- **Exercise details**
Could you repeat exactly the lines from the one containing "Well, here he" through the last line of the records, with no pictures?

- **Records supplied**
═══

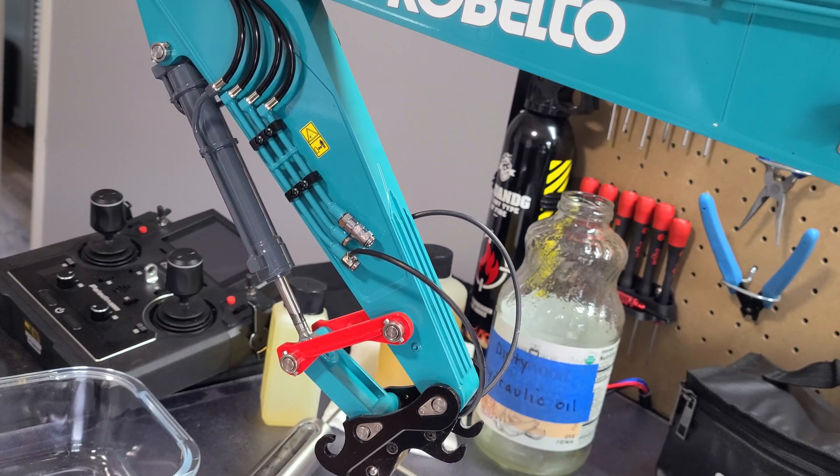Hello, my name is Jerome and welcome to my RC construction website. Today I'm going to attempt to do an oil change on my new Kabalite SK500 excavator.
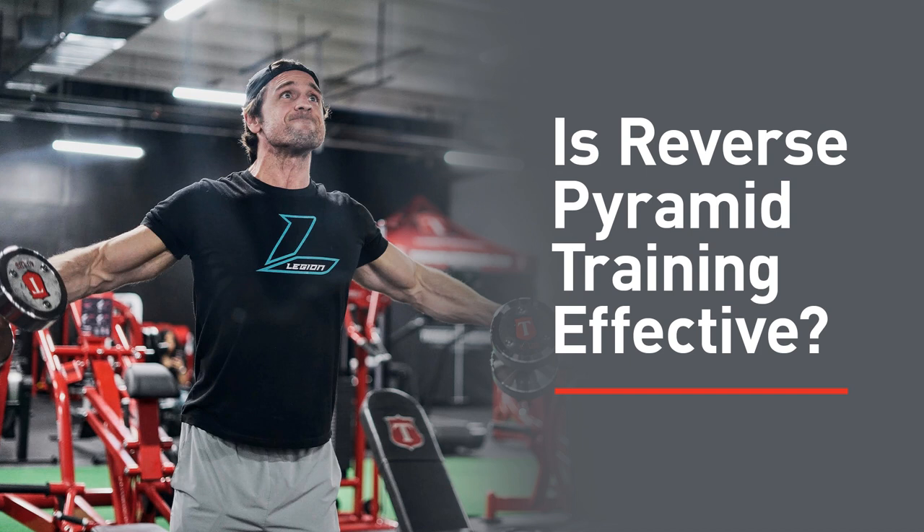My email address is mike@muscleforlife.com — that's spelled out, F-O-R, muscleforlife.com. Do keep in mind I get a lot of communication every day, so you may have to wait a little bit for an answer, but you will hear back from me. And if your question is one that many people are asking about or it strikes my fancy, I may choose to answer it here on the podcast as well.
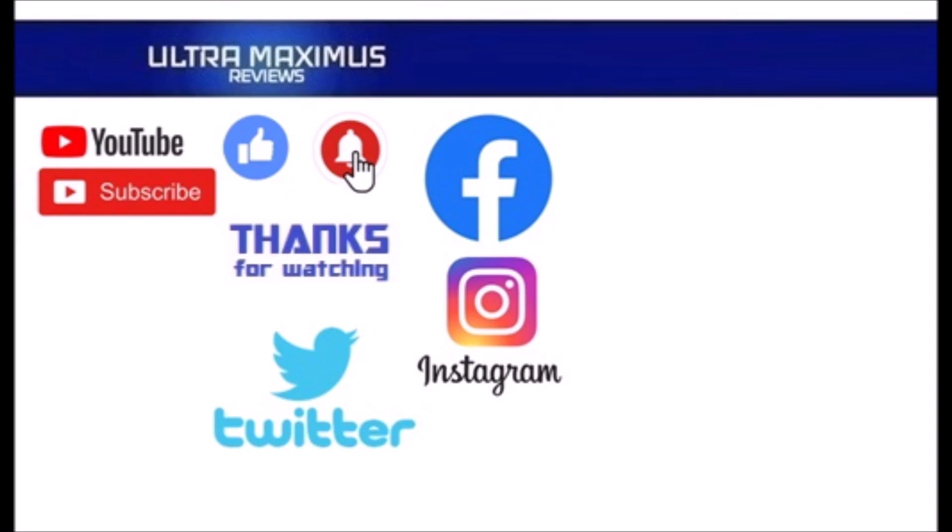Hey guys, thanks for watching. To watch more Ultra Maximus, click on the links to the right. Be sure to click all the things — subscribe, like, and hit that notification bell for new videos. Follow me on all the social media: Facebook, Instagram, and Twitter — links in the description below.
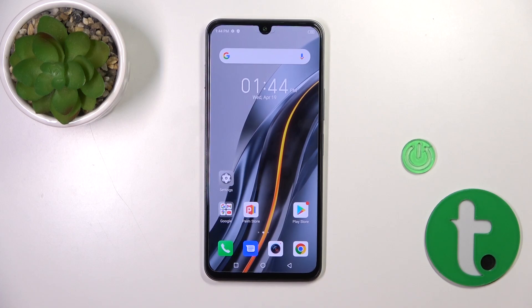Hi, today I'm showing you the FinFenix Note 12 2023 edition and I'll show you how to connect to Wi-Fi on this device.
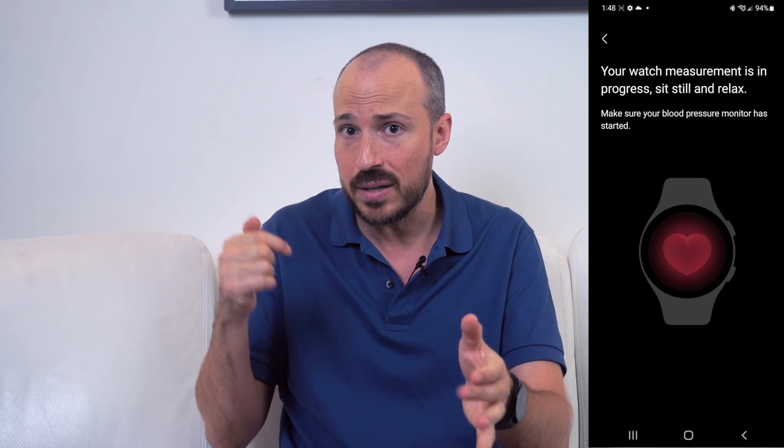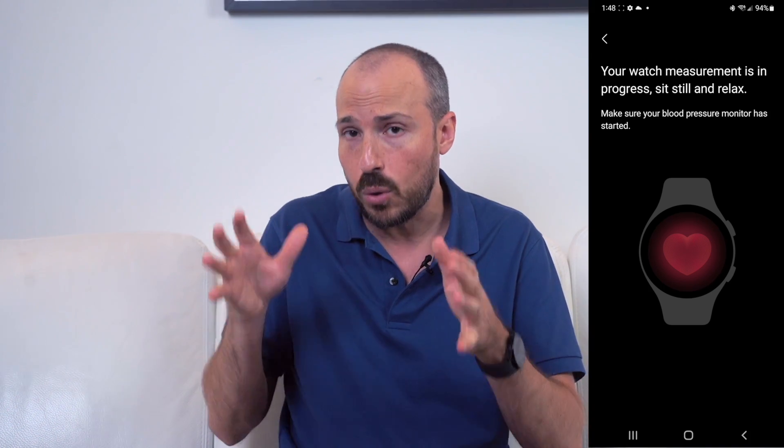When you calibrate for both of these features, it is calibrated for you specifically. It doesn't mean that you've calibrated it and then you can put the watch on a family member or somebody else and get a reading that way — it's not going to work like that. You have to set it up for whoever is actually going to use it. It's not like an actual blood pressure monitor where anybody can use it and get a reading. In this case, it's primarily for you.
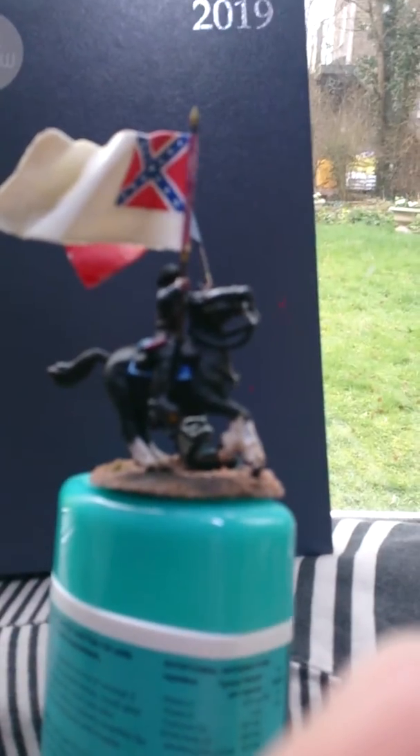Well, here he is, with his flag just about... Hang on. Finished.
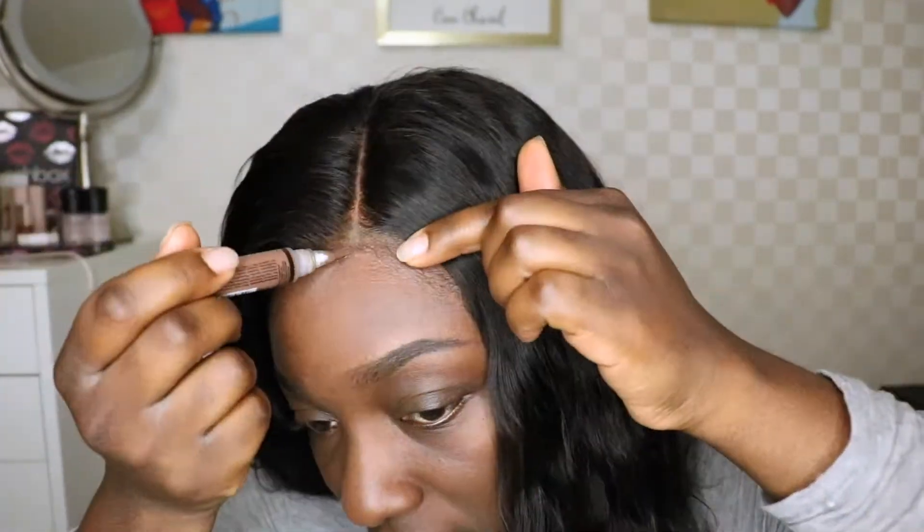I went ahead and applied some of my LA Girl Pro Concealer to the front of the lace, just to try to get that to blend in a little better.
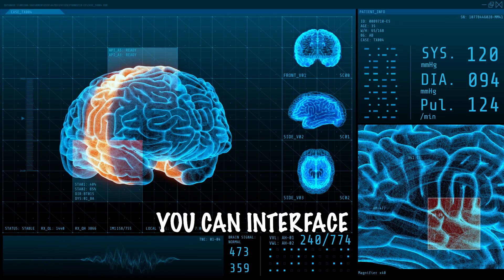So what this implant allows you to do: you can interface with a computer, you can use a keyboard, type in URLs, you can play video games.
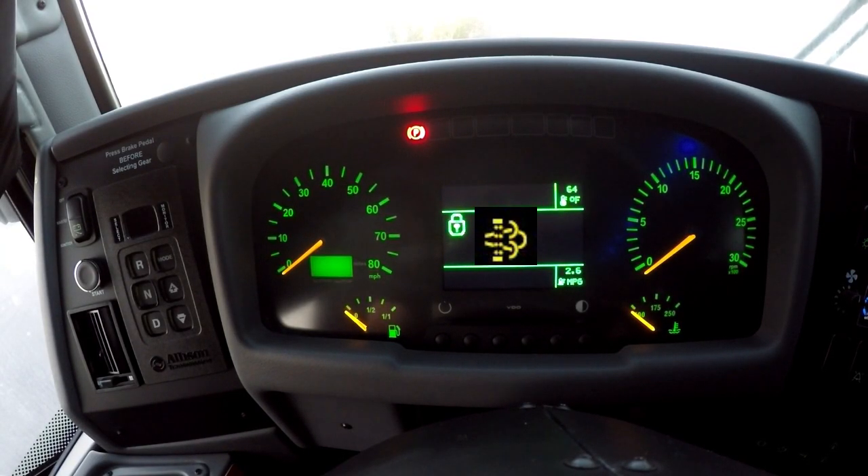If this symbol appears on your dash, it is letting you know that your DPF soot level is high and you need to perform a regeneration.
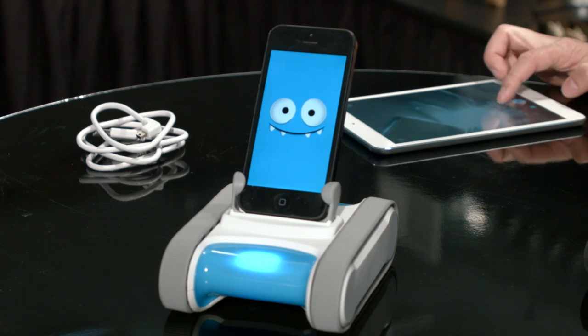Hey, it's Nora from Tested.com, and for today's show-and-tell, I want to introduce you to a familiar face, an old friend of ours. It's Romo, the smartphone robot.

═══

- **Output for this task**
Well, here he is, with his flag just about... Hang on. Finished.
I went ahead and applied some of my LA Girl Pro Concealer to the front of the lace, just to try to get that to blend in a little better.
So what this implant allows you to do: you can interface with a computer, you can use a keyboard, type in URLs, you can play video games.
If this symbol appears on your dash, it is letting you know that your DPF soot level is high and you need to perform a regeneration.
Hey, it's Nora from Tested.com, and for today's show-and-tell, I want to introduce you to a familiar face, an old friend of ours. It's Romo, the smartphone robot.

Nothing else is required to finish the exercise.